* [WHAT IS BEING ASKED]
Repeat verbatim, and only, the lines of the data below, beginning at the line that contains "Used Wuling Bingo" and stopping after the line that contains "VARLEY Women Lets".

[[ EXTRACTED MATERIAL, beginning ]]

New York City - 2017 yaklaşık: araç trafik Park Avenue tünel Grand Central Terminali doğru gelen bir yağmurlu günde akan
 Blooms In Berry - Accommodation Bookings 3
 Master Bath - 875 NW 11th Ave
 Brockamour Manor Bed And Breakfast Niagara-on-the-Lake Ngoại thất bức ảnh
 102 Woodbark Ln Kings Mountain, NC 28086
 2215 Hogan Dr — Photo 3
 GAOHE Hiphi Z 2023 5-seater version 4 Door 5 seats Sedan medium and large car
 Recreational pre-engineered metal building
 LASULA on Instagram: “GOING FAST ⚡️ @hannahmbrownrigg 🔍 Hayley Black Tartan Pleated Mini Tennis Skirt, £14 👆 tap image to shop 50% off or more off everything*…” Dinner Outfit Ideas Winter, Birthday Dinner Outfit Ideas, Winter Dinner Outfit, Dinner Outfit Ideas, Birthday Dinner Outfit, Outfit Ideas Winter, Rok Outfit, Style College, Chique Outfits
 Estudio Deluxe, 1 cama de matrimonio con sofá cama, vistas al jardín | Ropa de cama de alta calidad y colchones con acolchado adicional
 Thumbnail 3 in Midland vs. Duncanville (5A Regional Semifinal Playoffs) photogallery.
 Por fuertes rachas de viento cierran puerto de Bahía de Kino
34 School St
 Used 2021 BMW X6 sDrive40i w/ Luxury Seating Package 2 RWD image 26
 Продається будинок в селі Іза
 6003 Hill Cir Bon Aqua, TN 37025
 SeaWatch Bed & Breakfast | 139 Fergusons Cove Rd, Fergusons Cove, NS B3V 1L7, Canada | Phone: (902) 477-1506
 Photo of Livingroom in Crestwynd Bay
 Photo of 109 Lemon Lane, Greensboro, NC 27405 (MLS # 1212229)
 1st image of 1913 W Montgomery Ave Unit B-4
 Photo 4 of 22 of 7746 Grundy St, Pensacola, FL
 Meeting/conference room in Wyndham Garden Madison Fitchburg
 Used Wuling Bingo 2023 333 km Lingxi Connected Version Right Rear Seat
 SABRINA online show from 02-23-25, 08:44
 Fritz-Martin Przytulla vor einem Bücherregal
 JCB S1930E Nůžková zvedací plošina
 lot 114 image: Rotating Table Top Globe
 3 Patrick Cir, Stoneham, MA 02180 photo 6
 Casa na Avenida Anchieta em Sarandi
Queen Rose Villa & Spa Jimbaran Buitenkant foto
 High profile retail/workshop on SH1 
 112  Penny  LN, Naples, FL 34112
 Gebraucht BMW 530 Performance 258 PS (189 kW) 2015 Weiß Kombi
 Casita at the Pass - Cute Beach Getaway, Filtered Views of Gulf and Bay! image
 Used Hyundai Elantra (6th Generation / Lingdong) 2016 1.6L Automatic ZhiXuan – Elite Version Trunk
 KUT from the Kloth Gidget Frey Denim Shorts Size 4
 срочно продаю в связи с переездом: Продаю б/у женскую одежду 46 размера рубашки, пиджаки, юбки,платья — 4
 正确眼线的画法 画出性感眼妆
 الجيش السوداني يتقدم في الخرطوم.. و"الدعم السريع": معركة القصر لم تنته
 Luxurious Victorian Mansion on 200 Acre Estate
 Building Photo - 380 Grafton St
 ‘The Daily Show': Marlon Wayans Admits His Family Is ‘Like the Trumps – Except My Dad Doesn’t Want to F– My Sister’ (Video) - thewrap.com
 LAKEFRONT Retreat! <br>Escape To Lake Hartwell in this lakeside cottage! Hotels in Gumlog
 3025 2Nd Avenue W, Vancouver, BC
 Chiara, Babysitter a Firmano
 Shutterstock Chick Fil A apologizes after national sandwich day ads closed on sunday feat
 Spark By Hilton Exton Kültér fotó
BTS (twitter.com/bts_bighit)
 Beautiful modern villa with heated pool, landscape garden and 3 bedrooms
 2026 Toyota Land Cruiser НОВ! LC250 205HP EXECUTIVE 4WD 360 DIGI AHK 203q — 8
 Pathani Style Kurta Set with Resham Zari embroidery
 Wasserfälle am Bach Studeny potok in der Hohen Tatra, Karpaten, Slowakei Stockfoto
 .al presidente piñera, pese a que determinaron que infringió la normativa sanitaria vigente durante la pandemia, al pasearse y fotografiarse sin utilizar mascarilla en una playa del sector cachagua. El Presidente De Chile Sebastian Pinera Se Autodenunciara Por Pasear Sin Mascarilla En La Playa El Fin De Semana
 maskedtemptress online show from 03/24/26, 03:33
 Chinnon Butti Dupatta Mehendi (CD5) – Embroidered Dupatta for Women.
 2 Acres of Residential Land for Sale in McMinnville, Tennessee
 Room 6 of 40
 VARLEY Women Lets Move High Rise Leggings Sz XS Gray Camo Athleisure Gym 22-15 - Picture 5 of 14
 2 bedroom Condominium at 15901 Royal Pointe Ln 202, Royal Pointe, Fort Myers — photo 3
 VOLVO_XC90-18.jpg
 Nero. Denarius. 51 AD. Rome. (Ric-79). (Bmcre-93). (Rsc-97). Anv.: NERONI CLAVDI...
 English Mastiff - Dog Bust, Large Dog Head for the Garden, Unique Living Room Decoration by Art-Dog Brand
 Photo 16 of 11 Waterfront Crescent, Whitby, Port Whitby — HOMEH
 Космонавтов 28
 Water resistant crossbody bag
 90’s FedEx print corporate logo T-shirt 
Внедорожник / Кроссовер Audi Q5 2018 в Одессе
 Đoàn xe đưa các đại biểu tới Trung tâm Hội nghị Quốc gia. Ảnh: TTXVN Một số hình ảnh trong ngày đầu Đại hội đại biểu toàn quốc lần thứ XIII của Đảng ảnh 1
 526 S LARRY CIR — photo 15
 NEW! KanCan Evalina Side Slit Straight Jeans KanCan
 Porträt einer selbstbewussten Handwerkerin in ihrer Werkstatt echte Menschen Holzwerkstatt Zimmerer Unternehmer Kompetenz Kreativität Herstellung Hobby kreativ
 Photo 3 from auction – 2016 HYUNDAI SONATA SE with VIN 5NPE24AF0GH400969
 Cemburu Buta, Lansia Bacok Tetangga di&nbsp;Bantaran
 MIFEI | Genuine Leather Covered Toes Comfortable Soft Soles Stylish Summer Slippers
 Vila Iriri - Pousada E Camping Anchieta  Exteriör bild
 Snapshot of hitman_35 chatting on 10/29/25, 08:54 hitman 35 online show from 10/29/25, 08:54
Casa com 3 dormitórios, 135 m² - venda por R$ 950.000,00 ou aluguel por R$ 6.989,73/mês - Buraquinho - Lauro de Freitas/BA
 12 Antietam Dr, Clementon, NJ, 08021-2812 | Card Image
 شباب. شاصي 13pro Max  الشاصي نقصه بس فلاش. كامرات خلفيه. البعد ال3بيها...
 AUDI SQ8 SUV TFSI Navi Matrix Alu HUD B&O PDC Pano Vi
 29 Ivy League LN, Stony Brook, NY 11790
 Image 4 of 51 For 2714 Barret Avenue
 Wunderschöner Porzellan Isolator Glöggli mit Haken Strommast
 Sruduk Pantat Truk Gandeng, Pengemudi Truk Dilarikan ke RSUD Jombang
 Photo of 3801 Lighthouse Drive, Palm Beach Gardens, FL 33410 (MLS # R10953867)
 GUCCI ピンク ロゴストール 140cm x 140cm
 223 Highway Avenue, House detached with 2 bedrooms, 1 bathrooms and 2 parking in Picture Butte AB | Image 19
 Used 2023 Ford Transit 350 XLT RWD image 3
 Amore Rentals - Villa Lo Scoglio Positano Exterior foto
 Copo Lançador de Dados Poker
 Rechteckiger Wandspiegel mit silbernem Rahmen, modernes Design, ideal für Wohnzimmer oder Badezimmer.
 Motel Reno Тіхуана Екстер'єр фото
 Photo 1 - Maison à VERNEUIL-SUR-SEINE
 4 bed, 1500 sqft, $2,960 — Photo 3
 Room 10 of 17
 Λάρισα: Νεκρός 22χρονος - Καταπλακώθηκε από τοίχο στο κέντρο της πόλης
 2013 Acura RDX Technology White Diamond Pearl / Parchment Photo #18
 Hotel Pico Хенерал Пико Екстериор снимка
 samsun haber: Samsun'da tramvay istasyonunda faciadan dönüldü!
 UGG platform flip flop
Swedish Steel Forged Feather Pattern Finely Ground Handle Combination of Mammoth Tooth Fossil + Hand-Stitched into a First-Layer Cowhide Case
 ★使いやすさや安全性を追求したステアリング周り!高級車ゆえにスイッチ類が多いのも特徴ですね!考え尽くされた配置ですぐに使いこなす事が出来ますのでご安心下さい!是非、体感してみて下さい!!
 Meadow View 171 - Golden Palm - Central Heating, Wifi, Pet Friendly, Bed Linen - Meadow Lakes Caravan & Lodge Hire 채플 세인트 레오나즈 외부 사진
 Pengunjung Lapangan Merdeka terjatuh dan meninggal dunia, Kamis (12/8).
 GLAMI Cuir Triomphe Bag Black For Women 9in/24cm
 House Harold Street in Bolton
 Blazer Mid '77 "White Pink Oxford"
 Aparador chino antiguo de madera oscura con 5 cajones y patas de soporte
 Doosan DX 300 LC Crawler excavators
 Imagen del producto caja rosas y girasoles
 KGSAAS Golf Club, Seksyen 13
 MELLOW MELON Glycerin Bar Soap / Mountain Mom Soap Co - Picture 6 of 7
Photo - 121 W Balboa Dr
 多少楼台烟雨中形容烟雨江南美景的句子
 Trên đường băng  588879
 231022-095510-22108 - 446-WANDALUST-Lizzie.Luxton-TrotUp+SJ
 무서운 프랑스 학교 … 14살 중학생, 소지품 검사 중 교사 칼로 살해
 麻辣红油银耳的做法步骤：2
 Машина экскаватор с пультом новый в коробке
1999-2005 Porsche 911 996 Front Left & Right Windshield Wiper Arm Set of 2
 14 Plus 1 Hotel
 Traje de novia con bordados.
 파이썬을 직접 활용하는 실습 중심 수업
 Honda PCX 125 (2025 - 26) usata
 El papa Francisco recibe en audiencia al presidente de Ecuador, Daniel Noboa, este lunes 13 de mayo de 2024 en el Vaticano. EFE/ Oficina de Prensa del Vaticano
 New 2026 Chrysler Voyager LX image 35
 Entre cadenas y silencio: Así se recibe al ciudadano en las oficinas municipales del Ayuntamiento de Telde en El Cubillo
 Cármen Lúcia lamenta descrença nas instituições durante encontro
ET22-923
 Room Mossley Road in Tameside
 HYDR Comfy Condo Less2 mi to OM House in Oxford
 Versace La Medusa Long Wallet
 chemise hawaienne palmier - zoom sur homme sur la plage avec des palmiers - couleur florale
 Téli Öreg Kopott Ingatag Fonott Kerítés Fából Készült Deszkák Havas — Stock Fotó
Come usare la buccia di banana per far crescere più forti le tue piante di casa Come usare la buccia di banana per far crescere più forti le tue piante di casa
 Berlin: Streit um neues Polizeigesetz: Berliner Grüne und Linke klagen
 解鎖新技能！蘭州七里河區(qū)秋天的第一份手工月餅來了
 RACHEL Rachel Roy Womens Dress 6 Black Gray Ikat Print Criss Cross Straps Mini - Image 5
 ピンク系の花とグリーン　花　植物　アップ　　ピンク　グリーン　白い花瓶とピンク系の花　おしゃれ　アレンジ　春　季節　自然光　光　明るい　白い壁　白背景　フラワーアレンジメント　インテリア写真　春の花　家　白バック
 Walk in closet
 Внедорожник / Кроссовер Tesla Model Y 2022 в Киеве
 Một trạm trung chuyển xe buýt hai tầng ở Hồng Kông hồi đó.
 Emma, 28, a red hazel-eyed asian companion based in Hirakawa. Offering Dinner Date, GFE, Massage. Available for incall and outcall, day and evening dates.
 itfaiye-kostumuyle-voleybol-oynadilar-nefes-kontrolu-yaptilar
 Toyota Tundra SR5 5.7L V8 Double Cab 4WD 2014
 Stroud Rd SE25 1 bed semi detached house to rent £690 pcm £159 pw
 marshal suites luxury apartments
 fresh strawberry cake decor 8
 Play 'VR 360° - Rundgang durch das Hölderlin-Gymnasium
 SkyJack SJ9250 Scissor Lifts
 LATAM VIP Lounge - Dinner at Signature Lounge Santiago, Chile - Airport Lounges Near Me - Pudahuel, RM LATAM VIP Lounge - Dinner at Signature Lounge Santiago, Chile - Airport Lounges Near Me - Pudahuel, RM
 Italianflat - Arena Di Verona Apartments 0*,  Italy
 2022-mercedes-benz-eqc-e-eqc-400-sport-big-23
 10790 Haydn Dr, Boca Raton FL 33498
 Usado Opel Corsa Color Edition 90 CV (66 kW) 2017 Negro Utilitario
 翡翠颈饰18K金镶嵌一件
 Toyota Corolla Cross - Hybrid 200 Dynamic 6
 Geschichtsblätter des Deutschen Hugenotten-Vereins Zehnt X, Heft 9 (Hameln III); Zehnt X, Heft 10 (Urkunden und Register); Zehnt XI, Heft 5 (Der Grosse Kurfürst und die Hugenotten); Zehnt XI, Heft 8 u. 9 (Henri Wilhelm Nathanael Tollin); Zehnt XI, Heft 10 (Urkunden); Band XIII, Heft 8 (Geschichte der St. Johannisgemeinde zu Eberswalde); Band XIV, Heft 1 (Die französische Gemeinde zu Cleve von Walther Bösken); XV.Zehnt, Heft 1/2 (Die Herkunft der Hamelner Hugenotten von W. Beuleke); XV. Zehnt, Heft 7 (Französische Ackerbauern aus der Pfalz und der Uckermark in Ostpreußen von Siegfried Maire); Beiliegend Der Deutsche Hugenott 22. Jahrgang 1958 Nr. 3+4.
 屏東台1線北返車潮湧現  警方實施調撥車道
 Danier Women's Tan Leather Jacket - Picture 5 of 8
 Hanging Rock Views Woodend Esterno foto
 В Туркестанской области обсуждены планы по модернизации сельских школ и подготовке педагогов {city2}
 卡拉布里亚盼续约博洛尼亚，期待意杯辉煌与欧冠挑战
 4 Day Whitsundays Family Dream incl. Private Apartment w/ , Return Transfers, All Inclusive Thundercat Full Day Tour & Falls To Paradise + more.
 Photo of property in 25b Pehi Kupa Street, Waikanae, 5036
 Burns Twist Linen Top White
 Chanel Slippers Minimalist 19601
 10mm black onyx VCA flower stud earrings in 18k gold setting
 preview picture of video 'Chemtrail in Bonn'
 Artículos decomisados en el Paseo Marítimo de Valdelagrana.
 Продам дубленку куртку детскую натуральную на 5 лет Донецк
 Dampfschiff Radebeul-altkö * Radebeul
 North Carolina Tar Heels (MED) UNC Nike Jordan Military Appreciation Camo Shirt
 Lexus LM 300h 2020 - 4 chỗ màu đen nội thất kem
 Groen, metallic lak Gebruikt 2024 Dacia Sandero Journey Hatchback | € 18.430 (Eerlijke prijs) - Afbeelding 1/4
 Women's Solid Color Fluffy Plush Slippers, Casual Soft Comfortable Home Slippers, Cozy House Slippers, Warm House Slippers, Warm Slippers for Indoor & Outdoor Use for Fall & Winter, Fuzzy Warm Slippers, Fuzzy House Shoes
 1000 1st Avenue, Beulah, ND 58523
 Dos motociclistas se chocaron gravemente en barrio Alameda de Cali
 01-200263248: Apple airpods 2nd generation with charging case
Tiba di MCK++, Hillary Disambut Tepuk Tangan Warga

[[ EXTRACTED MATERIAL, end ]]

* [RESULT FOR THIS EXERCISE]
 Used Wuling Bingo 2023 333 km Lingxi Connected Version Right Rear Seat
 SABRINA online show from 02-23-25, 08:44
 Fritz-Martin Przytulla vor einem Bücherregal
 JCB S1930E Nůžková zvedací plošina
 lot 114 image: Rotating Table Top Globe
 3 Patrick Cir, Stoneham, MA 02180 photo 6
 Casa na Avenida Anchieta em Sarandi
Queen Rose Villa & Spa Jimbaran Buitenkant foto
 High profile retail/workshop on SH1 
 112  Penny  LN, Naples, FL 34112
 Gebraucht BMW 530 Performance 258 PS (189 kW) 2015 Weiß Kombi
 Casita at the Pass - Cute Beach Getaway, Filtered Views of Gulf and Bay! image
 Used Hyundai Elantra (6th Generation / Lingdong) 2016 1.6L Automatic ZhiXuan – Elite Version Trunk
 KUT from the Kloth Gidget Frey Denim Shorts Size 4
 срочно продаю в связи с переездом: Продаю б/у женскую одежду 46 размера рубашки, пиджаки, юбки,платья — 4
 正确眼线的画法 画出性感眼妆
 الجيش السوداني يتقدم في الخرطوم.. و"الدعم السريع": معركة القصر لم تنته
 Luxurious Victorian Mansion on 200 Acre Estate
 Building Photo - 380 Grafton St
 ‘The Daily Show': Marlon Wayans Admits His Family Is ‘Like the Trumps – Except My Dad Doesn’t Want to F– My Sister’ (Video) - thewrap.com
 LAKEFRONT Retreat! <br>Escape To Lake Hartwell in this lakeside cottage! Hotels in Gumlog
 3025 2Nd Avenue W, Vancouver, BC
 Chiara, Babysitter a Firmano
 Shutterstock Chick Fil A apologizes after national sandwich day ads closed on sunday feat
 Spark By Hilton Exton Kültér fotó
BTS (twitter.com/bts_bighit)
 Beautiful modern villa with heated pool, landscape garden and 3 bedrooms
 2026 Toyota Land Cruiser НОВ! LC250 205HP EXECUTIVE 4WD 360 DIGI AHK 203q — 8
 Pathani Style Kurta Set with Resham Zari embroidery
 Wasserfälle am Bach Studeny potok in der Hohen Tatra, Karpaten, Slowakei Stockfoto
 .al presidente piñera, pese a que determinaron que infringió la normativa sanitaria vigente durante la pandemia, al pasearse y fotografiarse sin utilizar mascarilla en una playa del sector cachagua. El Presidente De Chile Sebastian Pinera Se Autodenunciara Por Pasear Sin Mascarilla En La Playa El Fin De Semana
 maskedtemptress online show from 03/24/26, 03:33
 Chinnon Butti Dupatta Mehendi (CD5) – Embroidered Dupatta for Women.
 2 Acres of Residential Land for Sale in McMinnville, Tennessee
 Room 6 of 40
 VARLEY Women Lets Move High Rise Leggings Sz XS Gray Camo Athleisure Gym 22-15 - Picture 5 of 14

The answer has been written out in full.